Tuesday, June 18, 2013

The greatness of simplicity

Usually I focus on business examples, but today let’s take a look at a different kind of leader example. Check out the comparison below.

The Pope on the left retired in February; the new Pope is on the right. Notice the difference in regalia. The new Pope, Pope Francis, has removed much of the formal regalia and majesty surrounding the Catholic Church leadership position. He doesn’t need fancy red shoes, red cape, red carpet, or ruby and diamond cross. His throne is a simple wooden one, which might be more like something Jesus would use as the son of a carpenter. His speeches are simple, not elaborate or complex. Pope Francis has changed the tone of the Vatican through his simplicity of living and communicating.

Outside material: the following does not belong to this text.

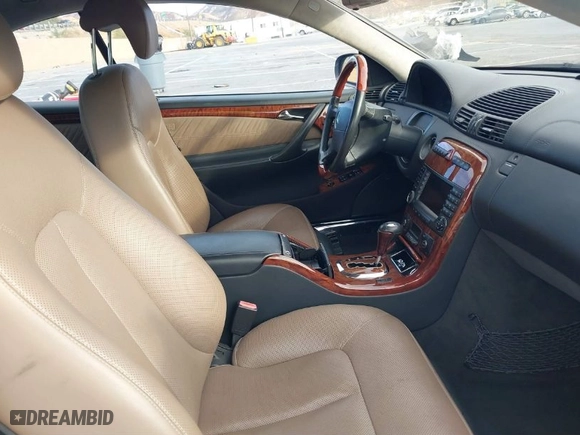 2005 Mercedes-Benz CL-Class 5.0L with VIN WDBPJ75J45A046274, listed as a IAAI auction lot 41236482 with 126,210 mi miles. Bid and sale history available at carsss.com. Image 5.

The new Pope is attracting followers because he is humble, yet strong. He has shown he thinks differently than previous Popes and those who run the Vatican, and so far, people, including Catholics like me, like it. The content of his message is the same as one would expect from the Catholic leader. It is his delivery and demeanor that are different.

You see, some leaders need regalia to feel worthy of their position. Others feel the worth inside themselves, and they trust in the wisdom of those who put them in the leadership position. Superficial, external, showmanship is not what real leadership is about. The new Pope knows it, just as other exemplary business leaders do.

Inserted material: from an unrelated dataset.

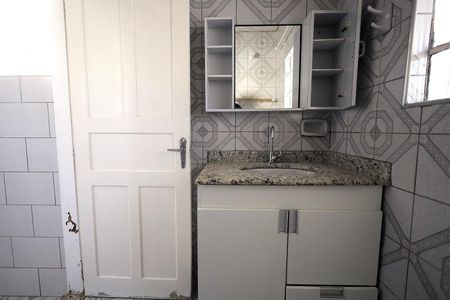 Casa para alugar com 110m², 2 quartos e 3 vagasBanheiro Social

We may hear more about Donald Trump than we hear about Jim Stowers, Dave Goebel, or Bonnie Kelly and Teresa Walsh, but that is changing. The pendulum is swinging as there is less interest in narcissistic Chief Ego Officers living large like rock stars and more interest in humble leaders living and working for something bigger than themselves.

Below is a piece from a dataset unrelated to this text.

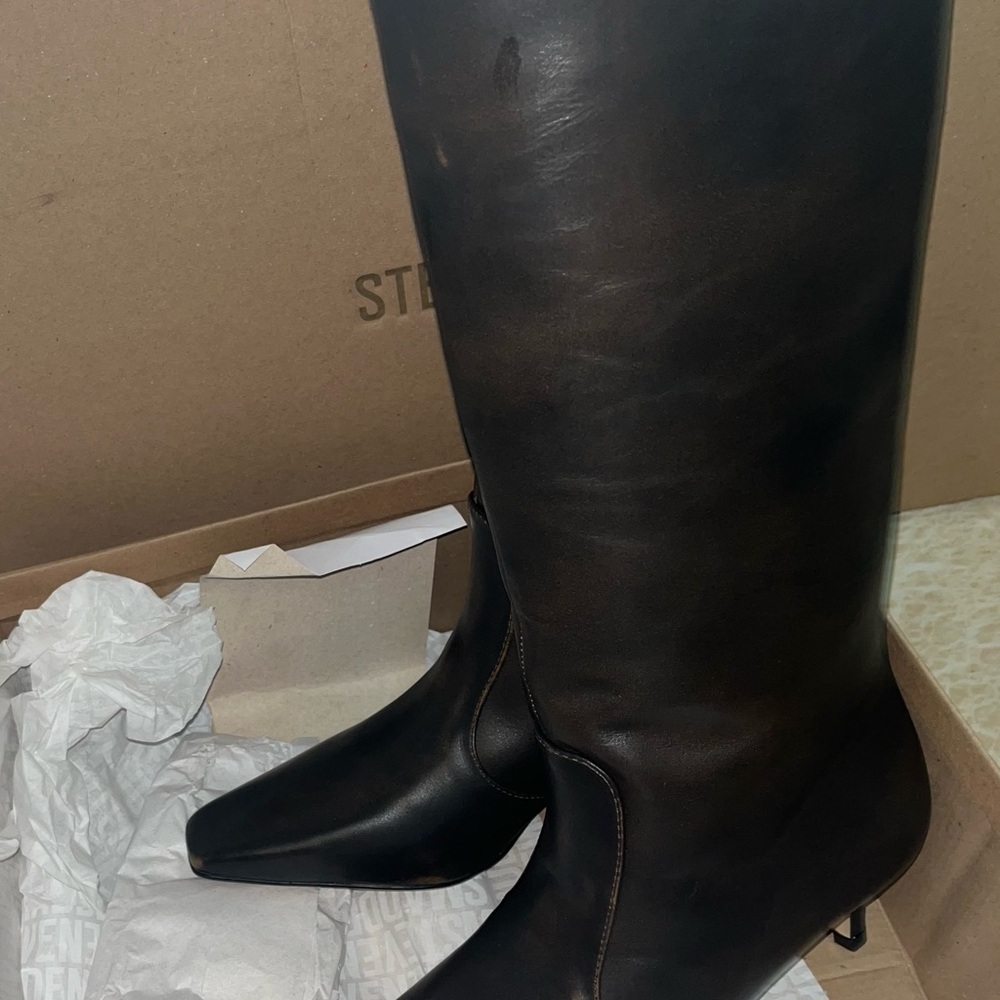 Steve Madden Lander Black Leather kitten Heeled Boots 8.5 - Picture 11 of 14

Don’t confuse a humble leader with one who is meek, naïve, or docile. Humble leaders lack pretense, not guts. They know when they need help and they are self-assured enough to ask for it. Humble leaders know their weaknesses and seek input from others to counter them. Humble leaders lack arrogance, not assertiveness. They can even be aggressive when situations call for it.

Jim Collins, author of Good to Great, calls humble leaders Level 5 leaders. He says, “Level 5 leaders are differentiated from other levels of leaders in that they have a wonderful blend of personal humility combined with extraordinary professional will.”

It is not about the title in the company, it is about the triumph of humility and fierce resolve. The combination is characteristic of successful leaders in the Church, in business, and in life.